As a maturing woman in her 20s, I am beginning to appreciate the people I love more and more. Specifically, my family. Life is so short that I would hate to look back and think, "I wish I would have been closer to my brothers, or my father."
Regrets ain't so cool.
When I'm old and grey, I want to be able to chill on my porch all day with a smile, knowing that I lived and loved. Hard. And, that everyone knew how much I cared.
That's why it breaks my heart to watch shows like Intervention where relationships have been destroyed due to an addiction to drugs, pills, etc. You see a childhood that was lost. A gap in the Soul of these peeps that may never be filled.
There was this man on a recent episode. With dark-rimmed glasses and a stone face caused by years of neglect from not having a father at home. Who is his daddy? Rocky Lockridge, a once famous boxer but now broke and homeless bum living in filth on the streets. He's also addicted to crack and has no other passion in life except to get more.
That's why he's the main event on this week's episode of Intervention. And, that's why he doesn't know any of his sons; he left them when they were small boys. For most of their life, they grew up thinking he was dead, not living in another state doing his own thang...which he was.
So, you can imagine, when this stone faced man finally sat in a room with his father during the intervention stage, there was moment when his voice cracked. A moment when his Being let out a sigh after years of silent tears and wishful moments of a father that never was around.
Until finally, the words started pouring out --
"People tell me that you're the champ. The champ of what?"
"You've left me looking over my shoulder at every black man that walks past me, hoping that it was you."
(photo found here)
"I've waited over fifteen years for this moment!" He yelled, tears running down his face. "Do you hear me?"

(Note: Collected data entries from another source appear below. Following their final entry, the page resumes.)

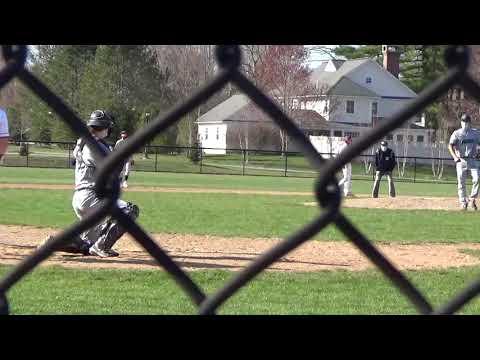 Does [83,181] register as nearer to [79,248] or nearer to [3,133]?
[79,248]

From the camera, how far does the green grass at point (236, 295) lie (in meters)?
6.29

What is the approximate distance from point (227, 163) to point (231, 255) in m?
35.8

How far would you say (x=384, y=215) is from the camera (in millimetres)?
16359

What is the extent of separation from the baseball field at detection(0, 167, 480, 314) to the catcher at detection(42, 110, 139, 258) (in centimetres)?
20

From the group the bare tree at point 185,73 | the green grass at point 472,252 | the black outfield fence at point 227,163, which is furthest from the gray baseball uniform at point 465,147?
the bare tree at point 185,73

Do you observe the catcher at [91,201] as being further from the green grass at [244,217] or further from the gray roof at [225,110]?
the gray roof at [225,110]

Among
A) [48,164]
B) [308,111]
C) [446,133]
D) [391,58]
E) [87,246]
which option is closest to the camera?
[87,246]

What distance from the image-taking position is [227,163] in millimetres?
45562

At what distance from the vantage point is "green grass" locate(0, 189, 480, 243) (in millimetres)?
12617

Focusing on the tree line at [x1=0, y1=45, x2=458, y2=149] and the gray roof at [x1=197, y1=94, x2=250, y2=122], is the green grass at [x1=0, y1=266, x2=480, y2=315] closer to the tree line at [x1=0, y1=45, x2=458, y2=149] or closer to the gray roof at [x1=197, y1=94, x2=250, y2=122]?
the tree line at [x1=0, y1=45, x2=458, y2=149]

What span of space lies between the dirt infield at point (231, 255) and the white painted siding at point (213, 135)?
153 ft
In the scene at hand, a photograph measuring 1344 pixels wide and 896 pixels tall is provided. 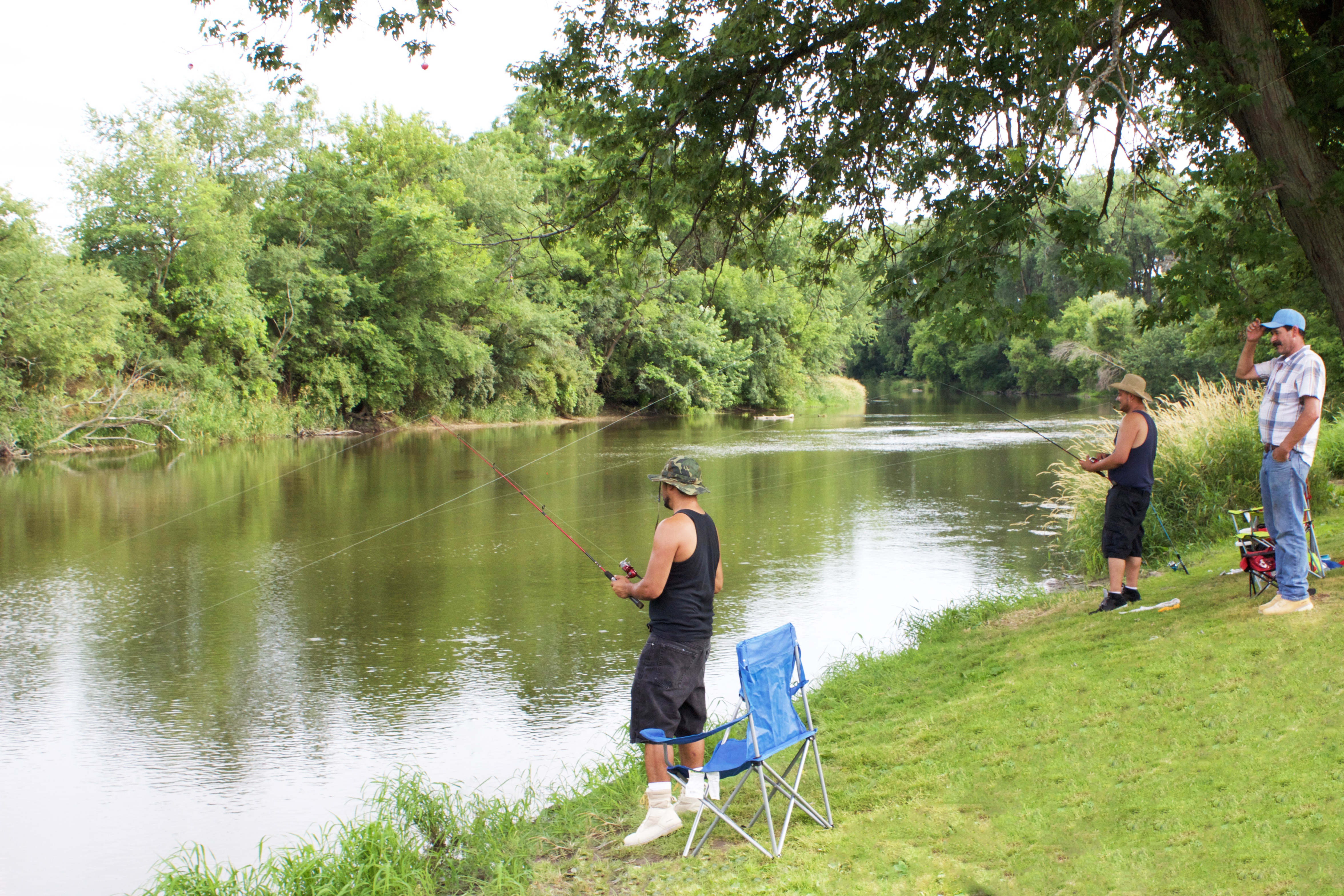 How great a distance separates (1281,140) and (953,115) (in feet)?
8.42

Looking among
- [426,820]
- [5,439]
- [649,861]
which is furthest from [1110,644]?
[5,439]

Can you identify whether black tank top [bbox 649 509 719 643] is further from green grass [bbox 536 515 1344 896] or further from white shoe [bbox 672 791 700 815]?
green grass [bbox 536 515 1344 896]

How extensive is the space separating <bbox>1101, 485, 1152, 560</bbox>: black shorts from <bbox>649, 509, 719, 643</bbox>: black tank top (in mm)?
3539

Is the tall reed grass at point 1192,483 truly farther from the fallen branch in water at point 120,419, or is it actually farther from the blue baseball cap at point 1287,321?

"Sure son. Ain't nothing slow 'bout your daddy 'cept the way he moves," Rocky replied with a sad look in his eyes.
"I have no faith in you."
"You've caused me to hate you with a passion so deep it runs through my veins like the blood that flows through yours! And still I am here because I know that somewhere, deep down in my heart, I still love you."
Rocky, unable to keep his composure, let out a loud cry that lasted over five seconds. It felt and sounded like a terrible, deep pain that lives in him.
This is the moment where I broke down. A family ravaged by an absent father. Torn apart by the man they needed to see everyday. An old boxer who couldn't live down his past, or the shame of losing his success as a boxer. It's sad. It's f-cked up. It's messy. It's full of tears.
When his son says, "Please change my faith in my father," you hope that he will. For his family, for himself, and for their future.
We all deserve to sit on that porch.
wow...I missed that one. I can totally understand though.I often think of the day when i will have to go to my fathers funeral. A man I know but also a man who has not been the daddy..that he should have been. I wonder if I will cry or stand there stone faced looking at a man who is my father but, whom I do not know. I think that children who are born to these men either grow up to be the exact opposite ( responsible to the extreme) or just like their father ( absent)...its really sad and the feeling do burn in you...forgiveness is hard in this circumstance. I am still praying for the grace to be able to forgive.
Thanks so much, Anonymous, for sharing. Forgiveness is tough. I feel you on that for sure. Time will tell with you and your father. Good luck and keep the words comin' = ) They're much appreciated!